Le recours au framework offensif open source COVENANT pour l'implant PrismexStager illustre une évolution méthodologique notable : les groupes APT étatiques privilégient de plus en plus des outils publiquement disponibles plutôt que des frameworks propriétaires, rendant l'attribution technique plus complexe et compliquant le travail des équipes de réponse à incident. De la même manière, le choix du service cloud grand public Filen.io comme canal de commande et contrôle s'inscrit dans une pratique désormais bien établie chez les acteurs étatiques russes : détourner des services légitimes (stockage cloud, messageries chiffrées, plateformes collaboratives) pour faire transiter du trafic malveillant au sein de flux réseau considérés comme bénins par les pare-feux et les solutions de filtrage DNS.

L'usage de la stéganographie dans des fichiers Excel pour dissimuler les charges utiles constitue également un signal d'alerte pour les équipes de sécurité défensive : cette technique complique significativement la détection par les moteurs antivirus traditionnels et les sandboxes d'analyse comportementale, qui peinent à identifier des données malveillantes encapsulées dans des structures de fichiers légitimes. Combinée au thème du leurre choisi — un document relatif aux inventaires de drones, particulièrement pertinent dans le contexte du conflit ukrainien — cette approche démontre un travail de reconnaissance social engineering ciblé et documenté en amont de la campagne.

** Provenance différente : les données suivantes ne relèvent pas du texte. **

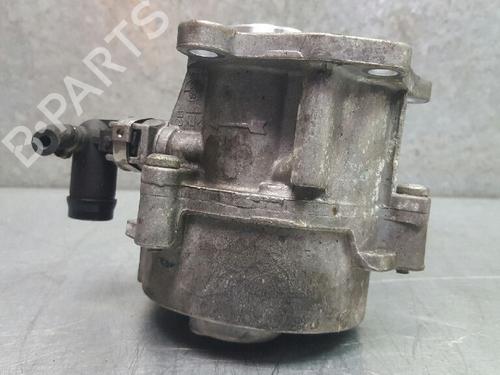 Used Vacuum pump RENAULT ESPACE IV (JK0/1_) 1.9 dCi (JK0U, JK0G) (120 hp) 12720382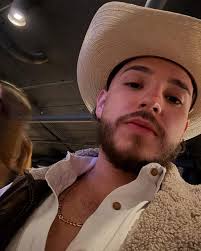 More work, more miles, more gym. Más vida ❤️‍🔥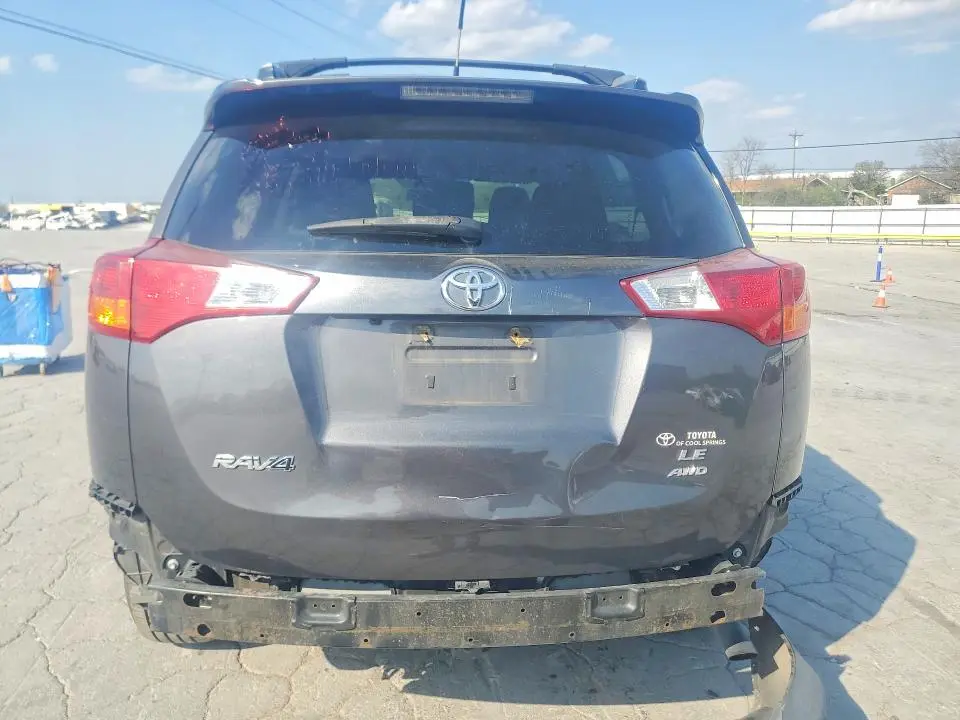 2015 TOYOTA RAV4 LE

Recommandations de mitigation

  • Renforcer la surveillance des macros VBA dans les documents Office, notamment via des politiques de blocage par défaut pour les fichiers issus de sources externes.
  • Surveiller les connexions sortantes vers des services de stockage cloud non approuvés par la politique de sécurité de l'organisation (Filen.io, Mega, pCloud, etc.).
  • Auditer les tâches planifiées et les clés de registre COM pour détecter les mécanismes de persistance non autorisés.
  • Déployer une solution EDR capable d'analyser le comportement post-exécution plutôt que la seule signature statique des fichiers.
  • Sensibiliser les équipes des secteurs logistique, ferroviaire et maritime, historiquement moins matures en cybersécurité que le secteur bancaire ou industriel, à la menace spécifique du spear-phishing ciblé.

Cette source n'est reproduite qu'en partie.